What you have to do: In the records that follow, find the line with "5 perguntas que"; from there, retype every line exactly through the line with "Becket House", which also belongs to the answer.

Source data:
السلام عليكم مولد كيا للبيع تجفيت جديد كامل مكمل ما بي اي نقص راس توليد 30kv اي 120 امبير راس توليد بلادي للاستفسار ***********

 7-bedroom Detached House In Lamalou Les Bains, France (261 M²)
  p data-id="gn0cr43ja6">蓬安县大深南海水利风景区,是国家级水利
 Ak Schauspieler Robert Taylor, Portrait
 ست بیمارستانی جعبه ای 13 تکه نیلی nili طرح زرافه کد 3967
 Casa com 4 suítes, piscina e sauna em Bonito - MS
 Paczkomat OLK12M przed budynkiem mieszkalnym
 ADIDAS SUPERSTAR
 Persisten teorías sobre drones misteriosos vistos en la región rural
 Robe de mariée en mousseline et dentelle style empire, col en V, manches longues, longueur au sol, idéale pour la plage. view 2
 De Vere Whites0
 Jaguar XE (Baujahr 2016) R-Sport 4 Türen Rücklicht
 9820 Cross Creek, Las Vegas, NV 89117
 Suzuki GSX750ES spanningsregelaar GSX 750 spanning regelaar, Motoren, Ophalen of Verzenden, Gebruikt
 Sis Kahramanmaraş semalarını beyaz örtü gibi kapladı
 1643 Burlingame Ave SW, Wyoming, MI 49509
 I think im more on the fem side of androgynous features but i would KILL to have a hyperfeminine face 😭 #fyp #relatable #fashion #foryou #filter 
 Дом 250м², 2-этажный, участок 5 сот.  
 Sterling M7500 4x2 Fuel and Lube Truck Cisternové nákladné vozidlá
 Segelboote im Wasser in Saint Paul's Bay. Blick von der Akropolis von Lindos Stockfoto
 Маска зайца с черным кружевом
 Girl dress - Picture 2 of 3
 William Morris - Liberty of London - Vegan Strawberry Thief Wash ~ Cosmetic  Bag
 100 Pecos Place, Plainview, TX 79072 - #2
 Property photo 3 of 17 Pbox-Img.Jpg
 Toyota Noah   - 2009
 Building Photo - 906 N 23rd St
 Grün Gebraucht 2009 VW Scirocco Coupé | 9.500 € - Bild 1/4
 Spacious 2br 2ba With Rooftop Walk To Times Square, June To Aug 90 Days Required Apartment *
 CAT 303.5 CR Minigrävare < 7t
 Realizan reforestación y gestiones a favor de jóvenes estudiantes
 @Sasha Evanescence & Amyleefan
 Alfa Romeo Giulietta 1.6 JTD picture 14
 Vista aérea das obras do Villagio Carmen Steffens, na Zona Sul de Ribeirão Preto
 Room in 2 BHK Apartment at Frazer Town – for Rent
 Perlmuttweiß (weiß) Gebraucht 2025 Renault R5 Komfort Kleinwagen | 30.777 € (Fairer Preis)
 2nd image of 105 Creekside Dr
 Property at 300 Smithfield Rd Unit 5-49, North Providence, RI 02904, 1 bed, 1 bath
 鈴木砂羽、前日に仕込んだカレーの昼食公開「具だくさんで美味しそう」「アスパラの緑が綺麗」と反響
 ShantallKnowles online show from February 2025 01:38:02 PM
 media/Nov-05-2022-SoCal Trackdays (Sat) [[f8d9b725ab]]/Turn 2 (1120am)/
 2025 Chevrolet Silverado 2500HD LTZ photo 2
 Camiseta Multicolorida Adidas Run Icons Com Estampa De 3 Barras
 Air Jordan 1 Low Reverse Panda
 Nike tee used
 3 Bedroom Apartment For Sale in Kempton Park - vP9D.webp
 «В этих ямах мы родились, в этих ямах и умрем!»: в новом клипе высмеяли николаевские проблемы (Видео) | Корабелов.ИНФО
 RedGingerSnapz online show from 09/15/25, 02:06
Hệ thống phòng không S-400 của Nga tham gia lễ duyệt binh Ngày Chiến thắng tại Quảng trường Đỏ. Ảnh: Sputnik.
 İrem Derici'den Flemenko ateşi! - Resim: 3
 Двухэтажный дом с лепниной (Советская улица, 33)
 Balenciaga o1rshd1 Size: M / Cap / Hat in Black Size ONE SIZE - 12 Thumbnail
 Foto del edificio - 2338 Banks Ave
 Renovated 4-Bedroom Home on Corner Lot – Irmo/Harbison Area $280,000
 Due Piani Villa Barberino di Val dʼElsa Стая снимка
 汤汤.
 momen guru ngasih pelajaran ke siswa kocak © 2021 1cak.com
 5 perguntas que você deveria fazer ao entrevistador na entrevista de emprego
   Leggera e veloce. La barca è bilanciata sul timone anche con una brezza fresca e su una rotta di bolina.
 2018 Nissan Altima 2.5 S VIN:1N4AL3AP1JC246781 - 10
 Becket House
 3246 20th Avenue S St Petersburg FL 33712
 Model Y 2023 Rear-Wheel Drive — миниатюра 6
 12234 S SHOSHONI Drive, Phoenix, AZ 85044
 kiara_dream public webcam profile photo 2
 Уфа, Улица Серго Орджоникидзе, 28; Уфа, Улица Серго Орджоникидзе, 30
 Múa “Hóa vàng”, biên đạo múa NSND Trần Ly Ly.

Reply:
 5 perguntas que você deveria fazer ao entrevistador na entrevista de emprego
   Leggera e veloce. La barca è bilanciata sul timone anche con una brezza fresca e su una rotta di bolina.
 2018 Nissan Altima 2.5 S VIN:1N4AL3AP1JC246781 - 10
 Becket House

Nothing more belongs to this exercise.